El amor de un padre… ¡ay! Sí, aquí es cuando llegamos a Sofia Coppola. “Cuando vienen a por ti, van a por lo que más quieres”, le dice Michael a Vincent, refiriéndose a Mary, para que acabe con su historia de amor y la deje aparte. ¿Por qué Francis Ford Coppola no le hizo caso a su propio personaje? Francis, en serio, si el odio nubla el juicio, el amor hace lo mismo. Y Sofia Coppola no valía como actriz. De hecho, después de su papel de Mary y las críticas, dejaría para siempre la interpretación. ¿Por qué no la apartaste, Francis? Mira lo que le hiciste pasar a tu pobre hija. Esa es otra de las cosas que nos enseñó El Padrino III, que todos los padres se equivocan, y que por mucho que se quiera proteger a la familia, a veces es imposible. Piensas que haces lo mejor por los tuyos, y les acabas generando un trauma. En fin, así es la vida.

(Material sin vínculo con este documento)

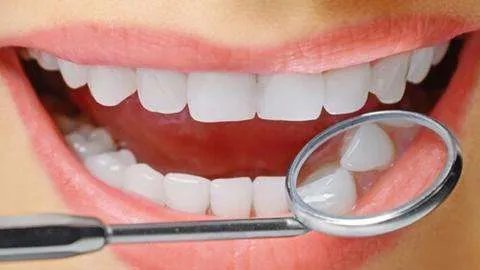 皓齿美白牙齿多少钱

Con El Padrino III aprendimos que el criminal cuanto “más respetable, más peligroso”, que la redención y la salvación no pasan por la Iglesia, que “nunca debes decir lo que estás pensando”, al menos mientras hagas negocios, que nunca se está a salvo de dejar algo completamente atrás, porque el ser humano es como es, y aunque no quieras regresar a algún sitio, te pueden “volver a meter”, que mientras más se suba en la pirámide del poder más corrupción se encontrará, que se puede matar a alguien clavándole la patilla de sus propias gafas en la yugular, que es posible sentir empatía por alguien detestable, y que “es peligroso ser honesto”. En mayor o menor medida, todo servirá saberlo a lo largo de la vida.